> [Data entries]
******************************

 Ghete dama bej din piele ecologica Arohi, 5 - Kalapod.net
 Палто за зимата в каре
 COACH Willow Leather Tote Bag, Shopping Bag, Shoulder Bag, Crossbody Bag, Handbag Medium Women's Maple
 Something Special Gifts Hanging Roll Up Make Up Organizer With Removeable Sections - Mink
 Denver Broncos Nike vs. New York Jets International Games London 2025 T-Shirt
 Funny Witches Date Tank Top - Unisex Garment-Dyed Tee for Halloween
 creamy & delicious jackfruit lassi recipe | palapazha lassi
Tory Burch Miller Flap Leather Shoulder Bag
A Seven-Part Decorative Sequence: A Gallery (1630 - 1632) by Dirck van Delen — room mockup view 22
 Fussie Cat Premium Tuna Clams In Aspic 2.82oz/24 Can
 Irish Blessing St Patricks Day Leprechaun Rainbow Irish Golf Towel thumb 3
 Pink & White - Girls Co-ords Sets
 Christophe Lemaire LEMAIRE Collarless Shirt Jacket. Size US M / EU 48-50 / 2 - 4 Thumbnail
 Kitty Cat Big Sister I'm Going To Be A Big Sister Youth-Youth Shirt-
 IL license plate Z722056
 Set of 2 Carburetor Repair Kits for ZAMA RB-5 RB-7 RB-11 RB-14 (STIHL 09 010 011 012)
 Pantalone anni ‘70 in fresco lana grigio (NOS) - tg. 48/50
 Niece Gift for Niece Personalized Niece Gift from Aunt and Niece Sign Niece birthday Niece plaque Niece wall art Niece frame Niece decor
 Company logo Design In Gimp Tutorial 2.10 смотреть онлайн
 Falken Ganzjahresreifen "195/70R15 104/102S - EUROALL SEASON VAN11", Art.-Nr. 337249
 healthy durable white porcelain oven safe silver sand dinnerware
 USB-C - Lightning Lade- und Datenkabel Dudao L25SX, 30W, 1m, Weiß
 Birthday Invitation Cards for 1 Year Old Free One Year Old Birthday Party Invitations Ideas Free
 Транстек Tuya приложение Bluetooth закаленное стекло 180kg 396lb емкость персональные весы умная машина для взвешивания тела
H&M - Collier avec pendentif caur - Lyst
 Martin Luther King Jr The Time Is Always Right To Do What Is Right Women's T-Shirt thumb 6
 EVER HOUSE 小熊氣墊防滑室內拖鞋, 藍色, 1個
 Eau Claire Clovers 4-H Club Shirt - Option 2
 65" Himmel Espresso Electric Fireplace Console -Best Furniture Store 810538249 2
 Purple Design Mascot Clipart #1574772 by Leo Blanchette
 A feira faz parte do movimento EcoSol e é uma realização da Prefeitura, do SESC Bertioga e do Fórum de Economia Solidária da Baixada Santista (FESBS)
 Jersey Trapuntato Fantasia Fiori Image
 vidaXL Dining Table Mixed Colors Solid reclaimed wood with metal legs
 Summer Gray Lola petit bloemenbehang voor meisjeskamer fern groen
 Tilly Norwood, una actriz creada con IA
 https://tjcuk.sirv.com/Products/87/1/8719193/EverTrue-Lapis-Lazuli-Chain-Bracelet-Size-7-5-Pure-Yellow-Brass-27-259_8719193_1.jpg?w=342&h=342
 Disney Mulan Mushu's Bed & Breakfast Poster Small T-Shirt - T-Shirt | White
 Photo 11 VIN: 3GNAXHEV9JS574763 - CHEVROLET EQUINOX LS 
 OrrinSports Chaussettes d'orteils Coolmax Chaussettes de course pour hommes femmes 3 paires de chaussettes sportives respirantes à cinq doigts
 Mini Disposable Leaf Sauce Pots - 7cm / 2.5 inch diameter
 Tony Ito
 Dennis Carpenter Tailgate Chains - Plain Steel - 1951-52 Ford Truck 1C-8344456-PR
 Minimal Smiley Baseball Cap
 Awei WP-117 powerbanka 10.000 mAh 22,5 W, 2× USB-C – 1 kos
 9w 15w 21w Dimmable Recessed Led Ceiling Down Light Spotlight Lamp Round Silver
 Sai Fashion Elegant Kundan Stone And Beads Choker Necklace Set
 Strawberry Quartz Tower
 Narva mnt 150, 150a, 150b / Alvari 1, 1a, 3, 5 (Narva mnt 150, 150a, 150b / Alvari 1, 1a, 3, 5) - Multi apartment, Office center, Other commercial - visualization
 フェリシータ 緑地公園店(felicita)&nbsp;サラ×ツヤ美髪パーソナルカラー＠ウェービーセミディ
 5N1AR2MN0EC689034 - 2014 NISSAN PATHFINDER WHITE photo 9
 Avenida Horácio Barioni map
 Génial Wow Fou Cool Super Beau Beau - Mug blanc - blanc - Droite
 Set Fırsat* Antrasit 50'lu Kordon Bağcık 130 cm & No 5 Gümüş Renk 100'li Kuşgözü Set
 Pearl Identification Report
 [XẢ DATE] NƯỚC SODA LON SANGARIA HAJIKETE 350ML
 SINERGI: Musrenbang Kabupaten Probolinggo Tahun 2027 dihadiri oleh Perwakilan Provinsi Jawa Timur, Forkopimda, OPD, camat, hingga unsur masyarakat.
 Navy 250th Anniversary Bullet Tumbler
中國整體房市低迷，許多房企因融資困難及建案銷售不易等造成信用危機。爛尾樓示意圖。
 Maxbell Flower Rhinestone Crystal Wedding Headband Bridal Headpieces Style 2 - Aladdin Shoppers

******************************

Each line above that contains the word "Shoulder" should be copied.

 COACH Willow Leather Tote Bag, Shopping Bag, Shoulder Bag, Crossbody Bag, Handbag Medium Women's Maple
Tory Burch Miller Flap Leather Shoulder Bag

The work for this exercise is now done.